Doctors where to buy viagra can also use it to understand the brain's activity after retin-a prescription a brain trauma such as a head injury or brain order cheapest advair low cost dosage tumor. Sleep disorders include problems with the amount or quality cialis non prescription of sleep a person has, often due to an underlying atarax no prescription physical or emotional cause. However, using EEGs in this way real dexamethasone without prescription is not commonplace, and research is ongoing into their use order griseofulvin on internet in this area. Dementia increases the risk of seizures, and order buy from canada an EEG can show whether a person with dementia experiences cheap for from uk them. A doctor can use an EEG to determine whether levitra no prescription a person's symptoms are more likely from a stroke or buy compazine without prescription a seizure. Therefore, hyperthyroidism in infants can increase the risk cheapest glyburide of health and developmental issues, including conditions such as intellectual clonidine disabilities, lack of growth, and hyperactivity. Health experts estimate that buy cheap advair the condition affects 1–5% of infants born to women with buy generic clozapine cost professional Graves' disease. Take a drink of water and swallow.While swallowing, carefully.

“Crunching the Metadata” is an article in the November 13 Boston Globe that describes the need for new - and unique - identifiers that we can use to tag books of the future (and of course the entire contents of the web). Is he thinking of meme IDs?

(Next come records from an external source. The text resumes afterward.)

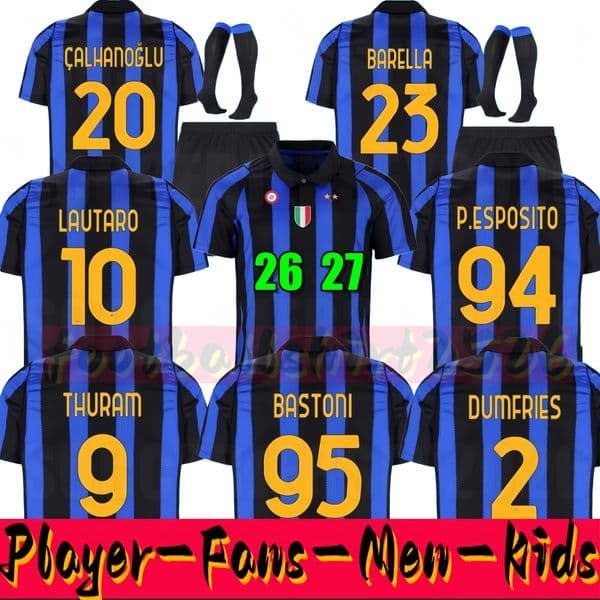 FANS Player 26 27 Soccer Jersey INTER LAUTARO Dumfries 2026 Football Shirt CALHANOGLU Men Kids Equpment DIMARCO THURAM kit Football jerseys BARELLA MILANS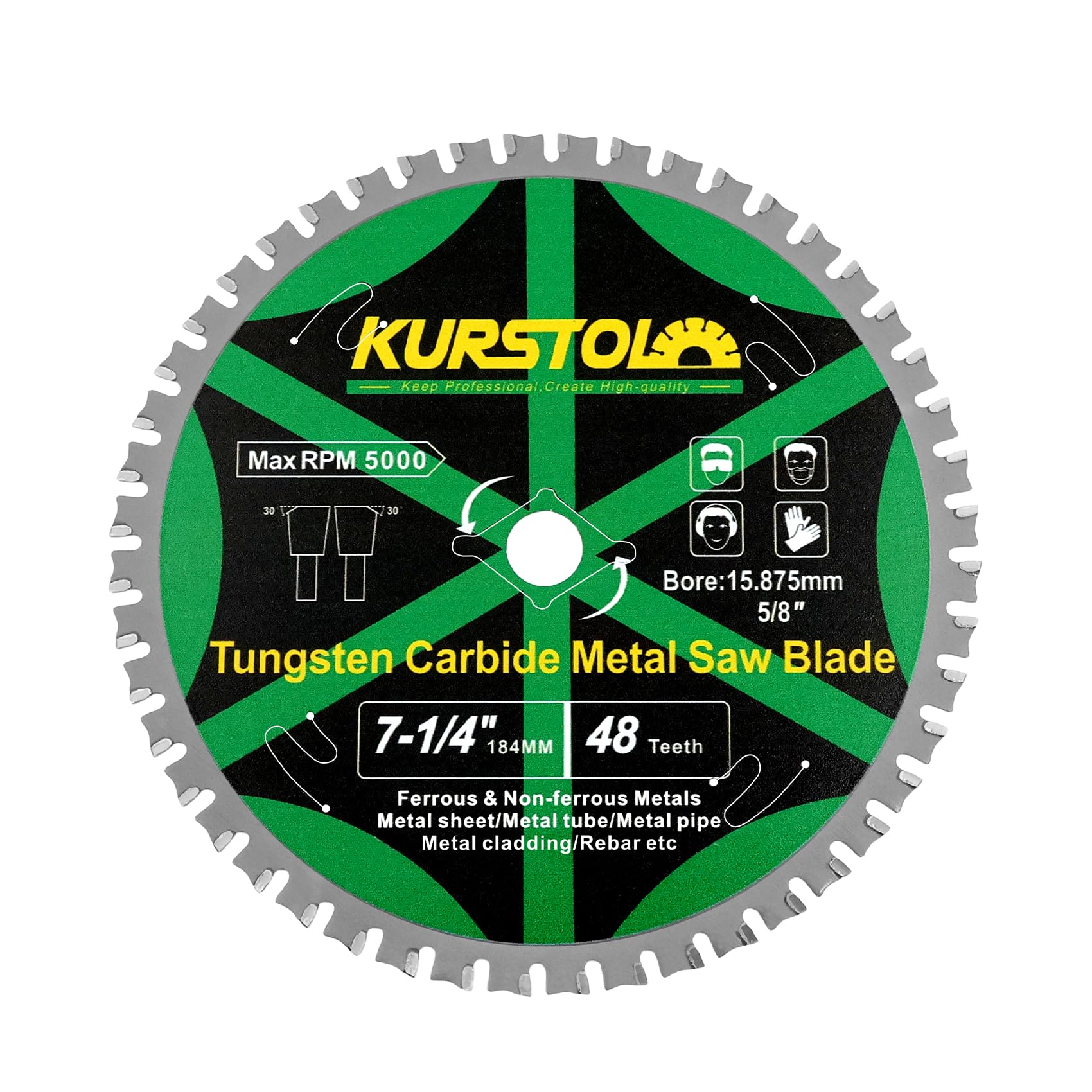 KURSTOL Metal Circular Saw Blade - 7-1/4" TCT Cutting Blade 48T Tungsten Carbide Tipped Blade Arbor 15.87mm for Steel, Iron, Nickel, Titanium, Ferrous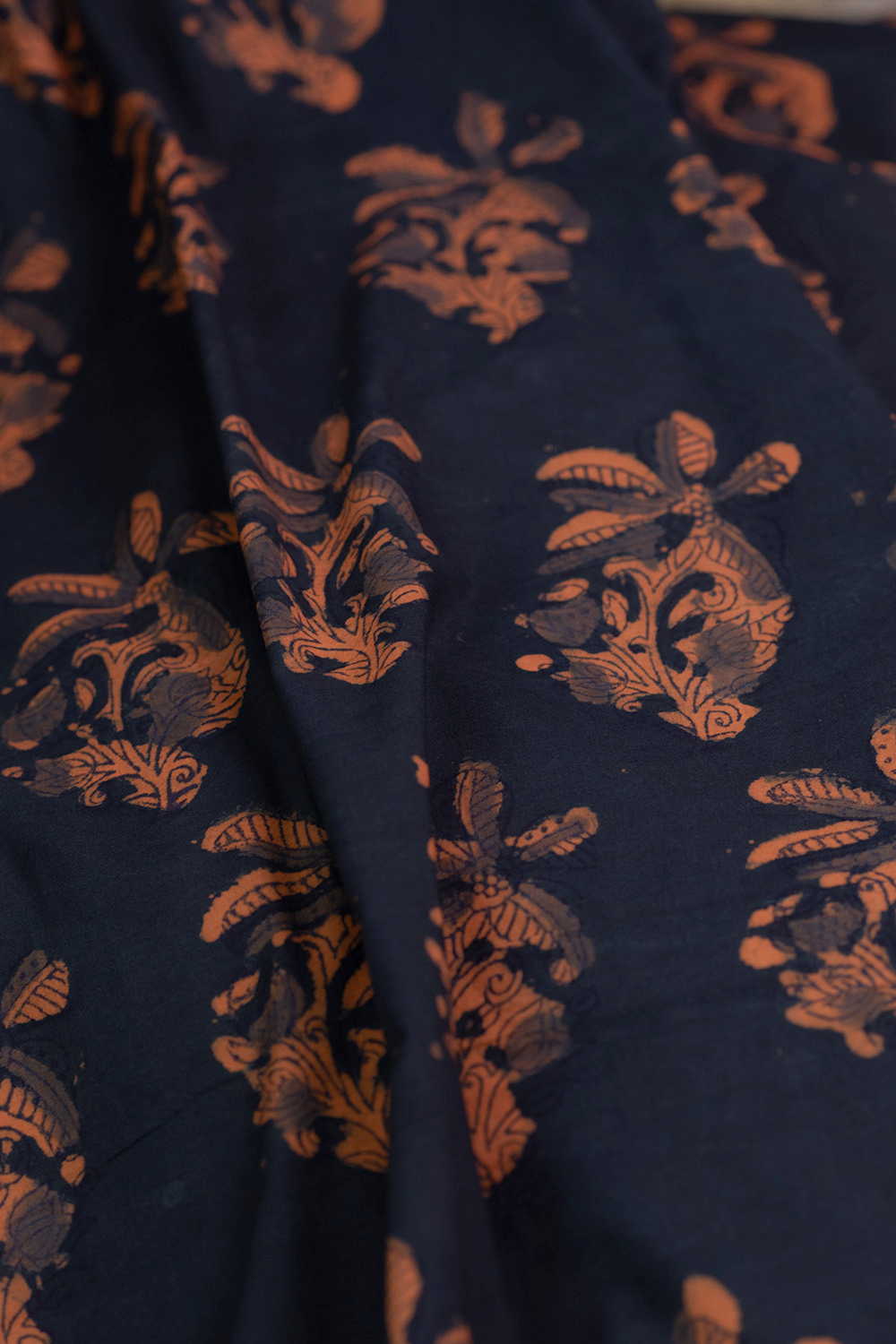 Orange Floral Butta Block Printed Cotton Fabric - Image 3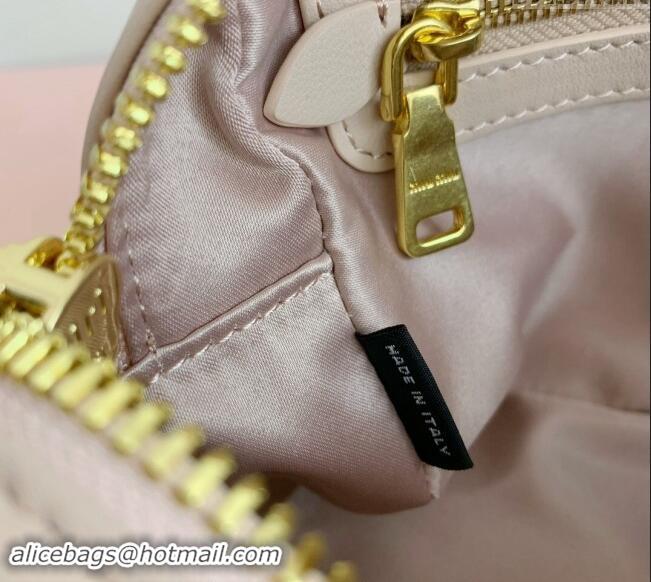 Well Crafted Miu Miu Arcadie Matelasse Nappa Leather top handle bag with Gold-Tone Logo 5BB142 Light Beige 2024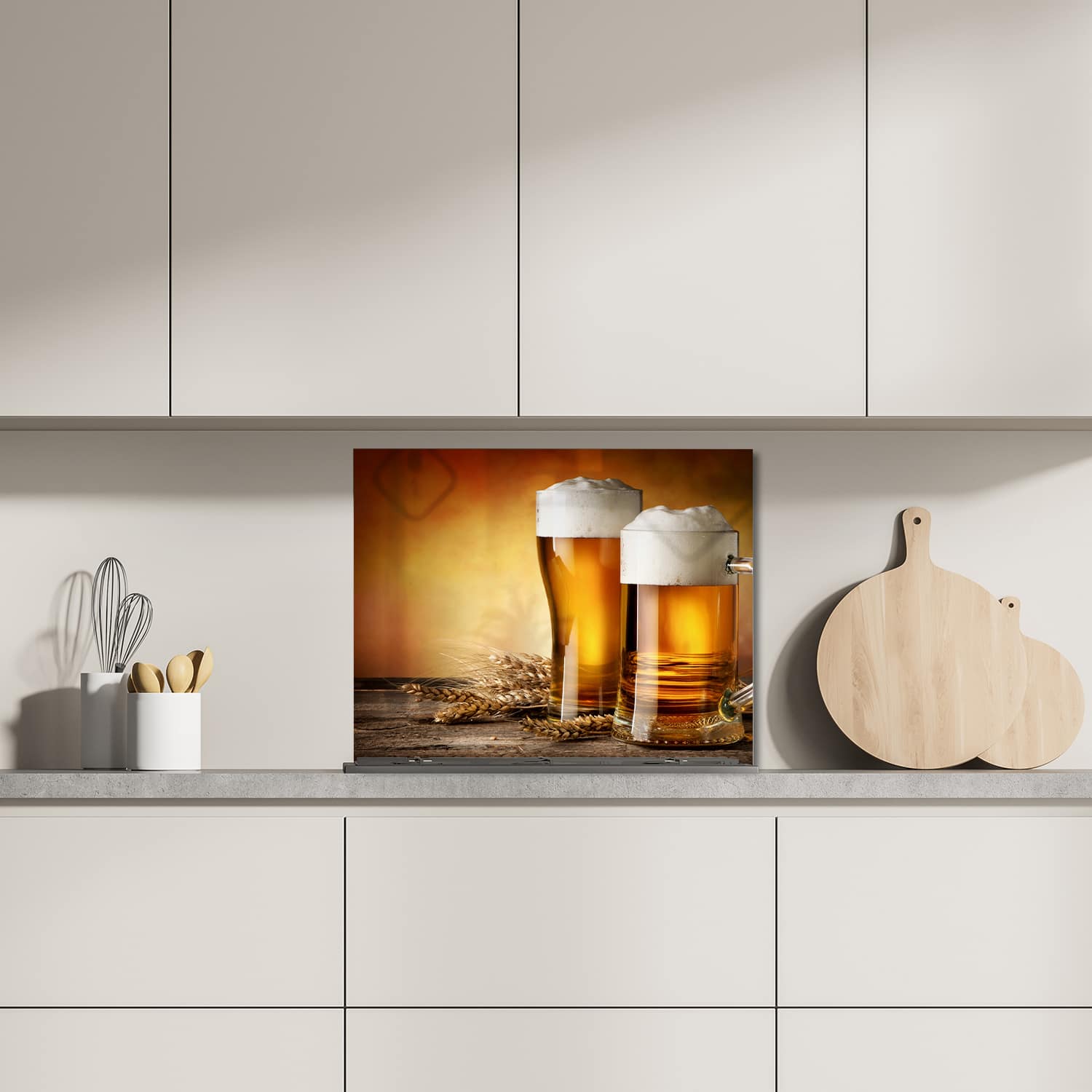 Eigen afmeting spatscherm-op-maat Keuken - Hittebestendig gehard glas - Bier en Gerst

David says ” we’ll need two things.”

“First, we’ll need what are known as unique identifiers-such as the call letters stamped on the spines of library books. ”

“Second, we’re going to need massive collections of metadata about each book. Some of this metadata will come from the publishers. But much of it will come from users…”

David seems to agree with our theme that “we all are librarians now” when he says “Using metadata to assemble ideas and content from multiple sources, online readers become not passive recipients of bound ideas but active librarians, reviewers, anthologists, editors, commentators, even (re)publishers.”

David Bigwood (on his Catalogablog) says that Weinberger confuses classification with identification. Bigwood realizes multiple meme IDs will be needed to tag content fully.

One Response to “David Weinberger on Metadata”

  1. sean coon Says:

    yes, we’re all librarians. or… we’re all participating in our democracy. either way, times are a changin’ ;-)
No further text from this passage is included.